Marissa yang sudah rapih dan siap hendak pergi ngantor, ia

mencium aroma aneh dari dalam dapur. Karena penasaran dan takut ada yang

gosong, ia mencoba mengeceknya.  Betapa

terkejutnya Marissa saat mendapati dapurnya penuh dengan kepulan asap, sebuah

api bersarang di atas Teflon yang berada di atas kompor. Tidak hanya itu, ia

bahkan sempat tergelincir oleh telur yang sengaja ditumpahkan Diana di atas

lantai. Walau tidak sampai jatuh, cukuplah membuatnya sport jantung dan kian

takut.

"Eliiiis! Kamu di mana?" teriak Marissa.

Tak lama kemudian, Elis turun dari atas tangga dan tak kalah

terkejutnya melihat apa yang terjadi di dapur, bagaimana bisa begini? Bukankah

sebelum aku pergi tadi kompor sudah kumatikan? Lalu, di mana, Diana?

Dengan cepat, Eis mengambil keset, memmbasihinya dengan air

dan menutupkan ke atas api, dan mematikan kompornya. Seketika api pun padam,

hanya tersisa asab tebal yang membuat pandangan kabur dan napas sesak.

Dari dalam kamarnya, Diana tertawa puas saat mendengar

teriakan Momynya. "Mampus kau.  Dengan

begini, jangan harap bisa ambil simpatik dari Momy lagi," umpatnya.

Kemudian, Marissa meminta Elis membuka jendela dan  menyalakan brower yang terdapat di atas

jendela tersebut dan pergi meninggalkan dapur sambil ngomel.

"Kemarin sudah saya katakana. Kalau masak itu ya kamu fokus

aja ke sinimjangan ke mana-mana. Ngelakuin pekerjaan satu-satu saja tidak usah

keburu. Kalau memang mendesak dan harus di tinggal, kamu matkikan kompor dulu.

Sudah ditnggal ke atas, nyala kompor gede banget. Kamu jangan teledor, gitu

dong? Inia pi, kalau sampai membakar semuanya, yah angus tak bersisa seisi

rumah ini."

Elis menunduk. Ia masih ingat betul, tadi kompor itu

benar-benar mati dan bahkan, bagaimana bisa telur  dadar itu berserakan di lantai dapur? Bukannya

tadi berada di atas kitchen set? Jika mwmang telur itu jatuh, harunya mangkok

ada di bawah, pecah. Tapi, kenapa baik-baik saja di atas? Elis menghapus air

matanya. Kemudian membawa satu persatu hidangan yang sudah ia sajikan ke meja

makan. Di sana, Ia melihat Marissa sekilas, ia tampak benar-benar marah Elis

sengaja membiarkan dapur itu tetap seperti itu sampai majikannya

mengintrogasinya.

"Ada apa ini, Mih?

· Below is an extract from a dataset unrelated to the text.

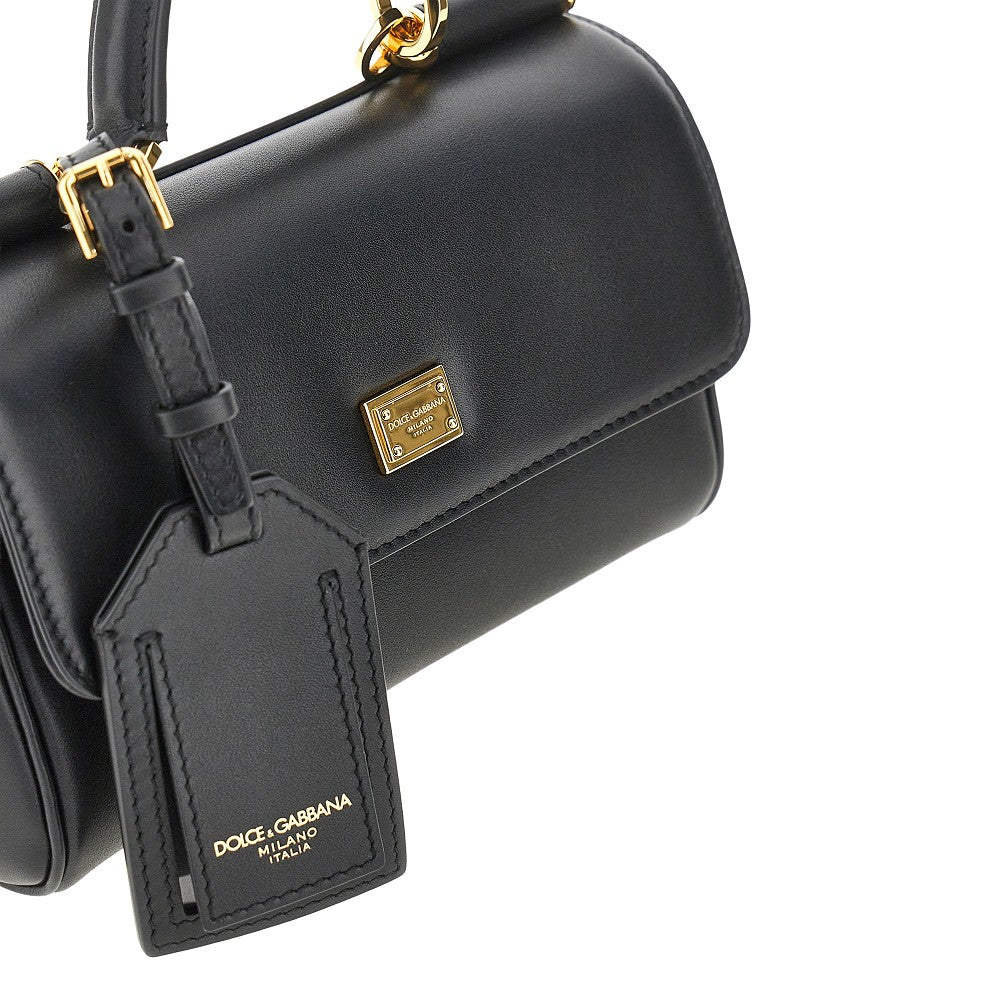 plongé leather my sicily bag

Pagi-pagi kok banyak asap? Apa gunung semeru

sedang erupsi?'' canda pak Doni yang belum tahu masalahnya.

Taka da jawaban dari istrinya selain wajah cuek dan cemberut.

Hanya saja setelahnya, Elis membawa makanan dari dapur dengan mata yang merah

dan sembab. 'Ada apa ini?' pak Doni mulai bertanya-tanya dalam hatinya.

"Ada apa, Mih?" tanya pak Doni dengan pelan.

Marissa masih enggan

menjawab, sampai Elis kembali membawa nampan berisi tiga cangkir the, satu teko

air outih dan tiga gelas kosong di sana. Bersamaan dengan itu, Diana muncul

dari kamar sambil terbatuk-batuk dan mengibaskan tangannya di depan hidungnya.

"Uhuuuk… Uhhuuuk… Apaan ini, Mih? Banyak banget asab?

Bakar-bakar sampah, apa rumah? Begini nih, kalau memperkerjakan pemulung… Bego."

Seketika pak Doni langsung menatap tajam ke arah Diana, sedangkan Elis, hanya diam menunduk. dan Marissa masih dalam emosinya yang memuncak.

Merasa ada kejanggalan, Pak Doni pun melemparkan pertanyaan pada putrinya, "Diana, kamu baru saja dari kamar. Bagaimana bisa tahu, kalau ada kebakaran?"